Items from a data source
'''
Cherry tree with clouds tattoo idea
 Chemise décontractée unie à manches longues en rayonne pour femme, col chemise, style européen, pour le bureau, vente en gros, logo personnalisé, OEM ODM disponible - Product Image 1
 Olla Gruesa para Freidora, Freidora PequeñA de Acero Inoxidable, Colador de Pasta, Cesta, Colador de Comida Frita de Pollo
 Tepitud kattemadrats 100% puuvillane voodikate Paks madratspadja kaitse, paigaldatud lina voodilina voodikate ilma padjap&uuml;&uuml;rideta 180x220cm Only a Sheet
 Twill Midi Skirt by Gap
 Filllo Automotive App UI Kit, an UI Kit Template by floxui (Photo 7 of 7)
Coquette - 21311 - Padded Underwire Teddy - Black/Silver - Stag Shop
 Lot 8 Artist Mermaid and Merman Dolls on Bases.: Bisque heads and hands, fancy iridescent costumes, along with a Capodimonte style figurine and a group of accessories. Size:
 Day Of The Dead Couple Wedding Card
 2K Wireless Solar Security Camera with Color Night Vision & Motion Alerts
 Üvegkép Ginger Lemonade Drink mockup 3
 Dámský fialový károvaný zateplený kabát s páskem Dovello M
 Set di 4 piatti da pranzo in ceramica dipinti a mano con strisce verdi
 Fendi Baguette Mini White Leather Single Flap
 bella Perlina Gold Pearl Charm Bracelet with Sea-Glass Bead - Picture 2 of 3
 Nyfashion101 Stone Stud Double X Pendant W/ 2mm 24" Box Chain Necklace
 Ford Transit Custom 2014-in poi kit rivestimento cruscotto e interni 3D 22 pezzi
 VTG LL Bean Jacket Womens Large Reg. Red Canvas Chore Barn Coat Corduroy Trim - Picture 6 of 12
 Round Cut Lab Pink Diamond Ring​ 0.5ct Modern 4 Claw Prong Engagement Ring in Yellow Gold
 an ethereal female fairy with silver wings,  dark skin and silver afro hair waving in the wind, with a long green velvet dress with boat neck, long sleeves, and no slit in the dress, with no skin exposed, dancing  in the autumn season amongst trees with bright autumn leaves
'''
• _WORK ORDER_
All that is wanted is a faithful reproduction of the line above with "Filllo Automotive App", the line with "Nyfashion101 Stone Stud", and every line in between.

• _WORKED SOLUTION_
 Filllo Automotive App UI Kit, an UI Kit Template by floxui (Photo 7 of 7)
Coquette - 21311 - Padded Underwire Teddy - Black/Silver - Stag Shop
 Lot 8 Artist Mermaid and Merman Dolls on Bases.: Bisque heads and hands, fancy iridescent costumes, along with a Capodimonte style figurine and a group of accessories. Size:
 Day Of The Dead Couple Wedding Card
 2K Wireless Solar Security Camera with Color Night Vision & Motion Alerts
 Üvegkép Ginger Lemonade Drink mockup 3
 Dámský fialový károvaný zateplený kabát s páskem Dovello M
 Set di 4 piatti da pranzo in ceramica dipinti a mano con strisce verdi
 Fendi Baguette Mini White Leather Single Flap
 bella Perlina Gold Pearl Charm Bracelet with Sea-Glass Bead - Picture 2 of 3
 Nyfashion101 Stone Stud Double X Pendant W/ 2mm 24" Box Chain Necklace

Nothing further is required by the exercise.